Crawled caption data
········

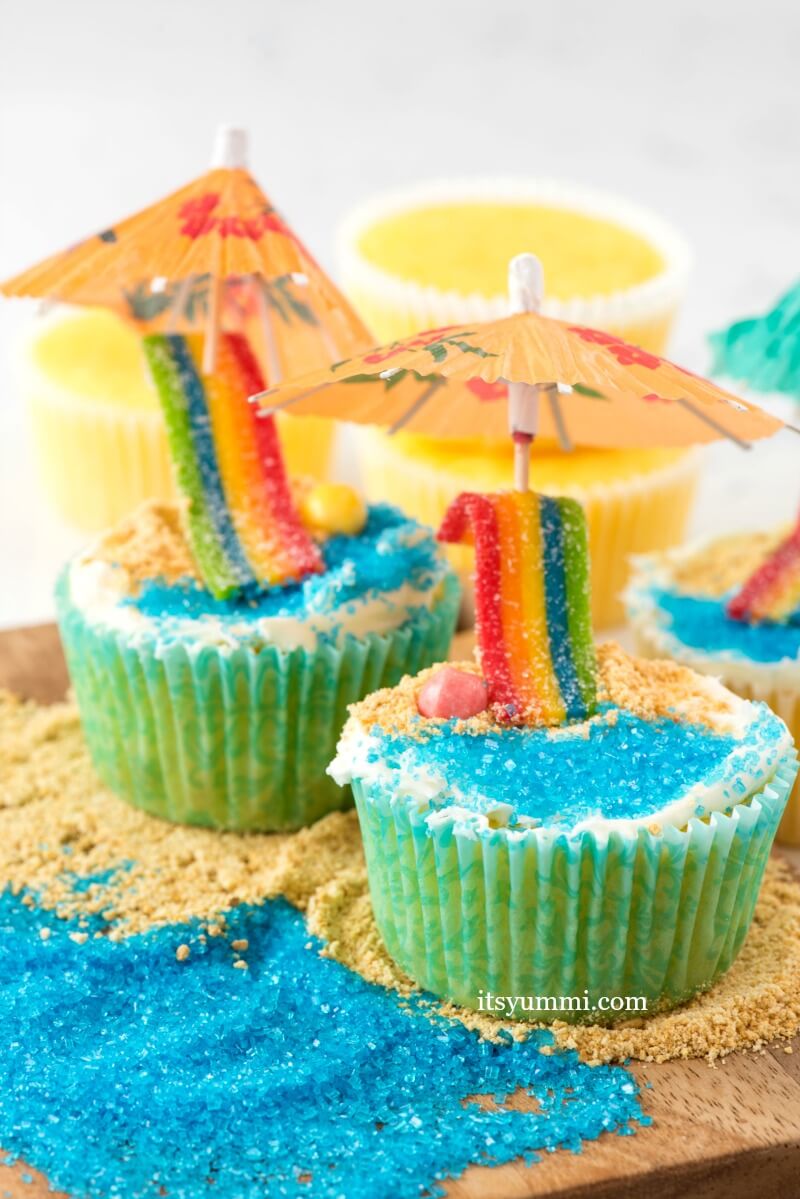 Beach themed cupcakes decorated with candy and colored sugar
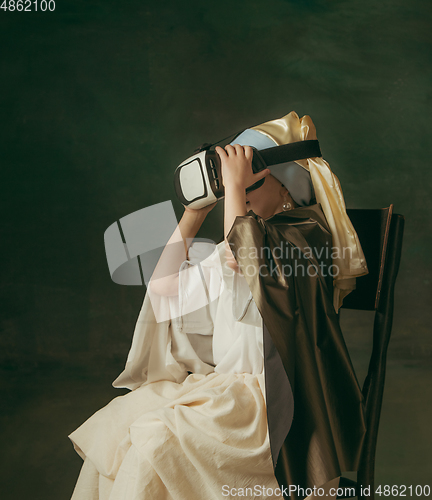 Image of Medieval little girl as a lady with a pearl earring on dark studio background. Concept of comparison of eras, childhood. Stylish creative design, art vision, new look of artwork.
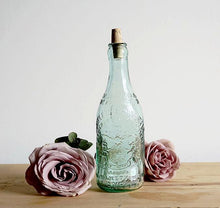 Three gorgeous antique glass stoppered bottles, one from each part of Great Britain.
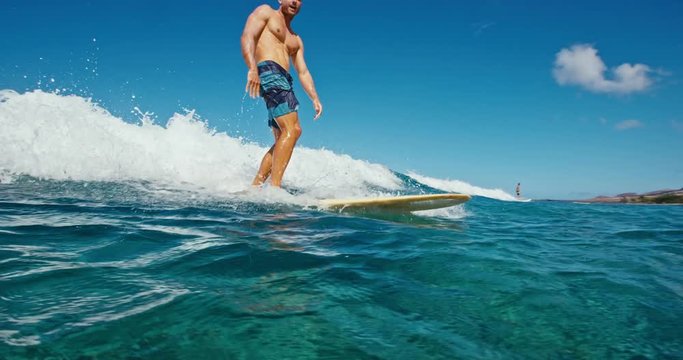 Young man having fun surfing, riding ocean wave in slow motion
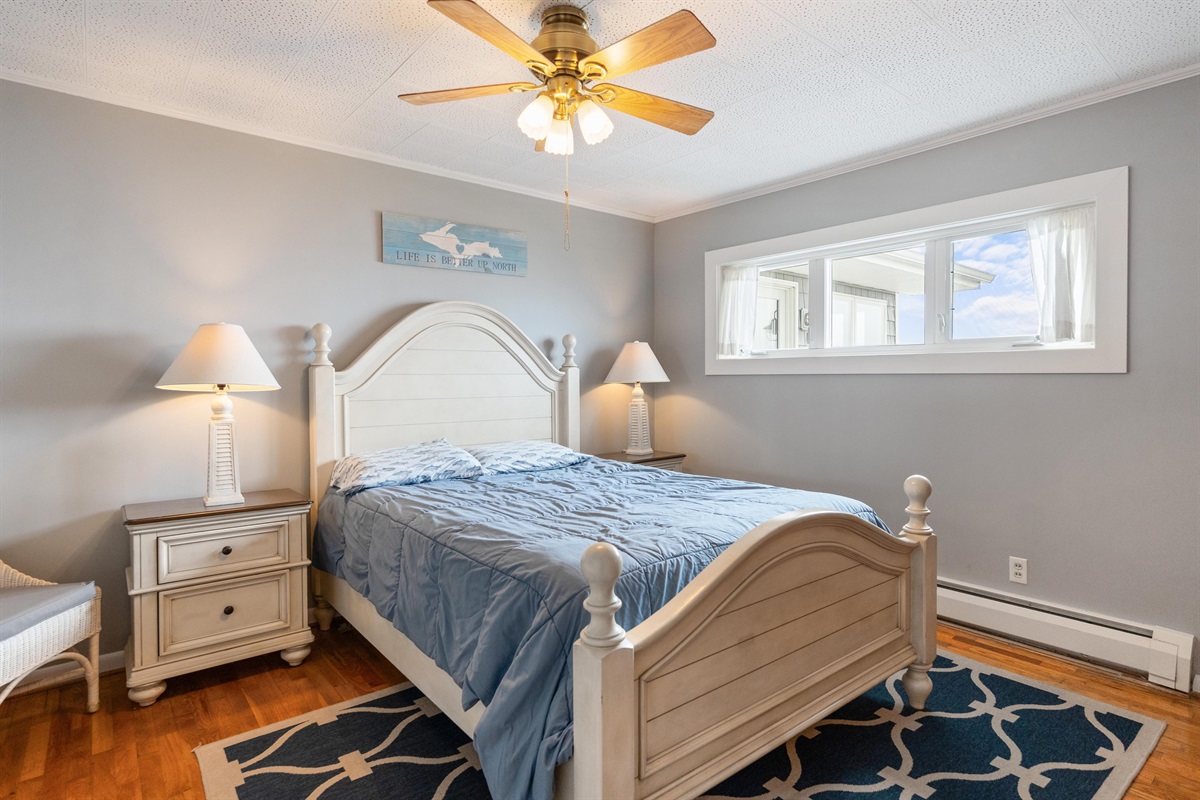 Bedroom 1 near the kitchen has a great view of the beach and lake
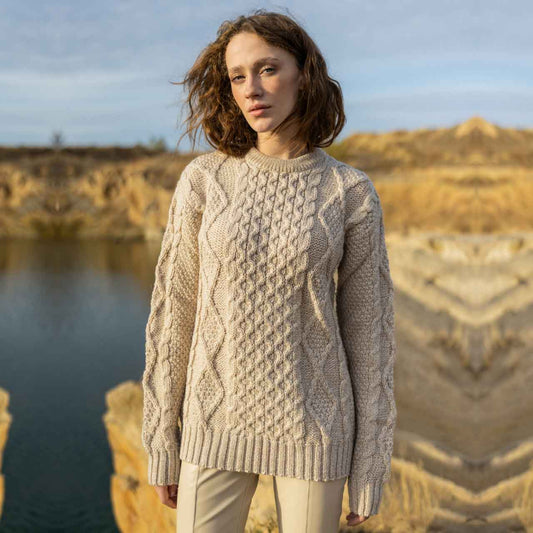 Woman wearing a parsnip colored Fisherman Cable Knit Ladies Sweater standing by a body of water with a natural landscape in the background.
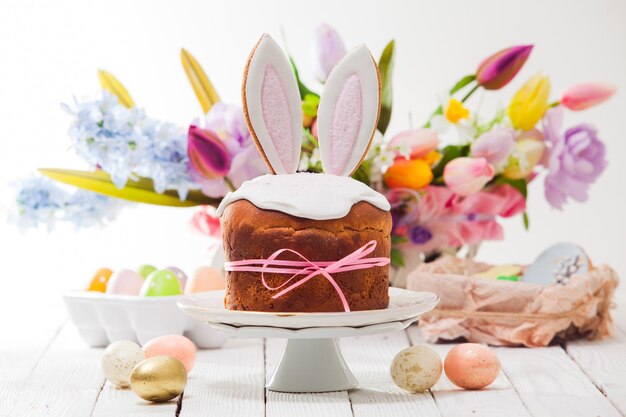 El pastel de Pascua con orejas de conejo comestibles se encuentra en un soporte Huevos pintados alrededor del pastel En el fondo ramos de coloridas flores de primavera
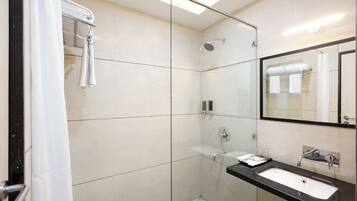 A modern bathroom with a glass shower enclosure, a black countertop sink, and a large mirror.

········

**Exercise details**. Every entry should come back exactly as written, only without images.

**Written answer**.
 Beach themed cupcakes decorated with candy and colored sugar
 Image of Medieval little girl as a lady with a pearl earring on dark studio background. Concept of comparison of eras, childhood. Stylish creative design, art vision, new look of artwork.
 Three gorgeous antique glass stoppered bottles, one from each part of Great Britain.
 Young man having fun surfing, riding ocean wave in slow motion
 Bedroom 1 near the kitchen has a great view of the beach and lake
 Woman wearing a parsnip colored Fisherman Cable Knit Ladies Sweater standing by a body of water with a natural landscape in the background.
 El pastel de Pascua con orejas de conejo comestibles se encuentra en un soporte Huevos pintados alrededor del pastel En el fondo ramos de coloridas flores de primavera
 A modern bathroom with a glass shower enclosure, a black countertop sink, and a large mirror.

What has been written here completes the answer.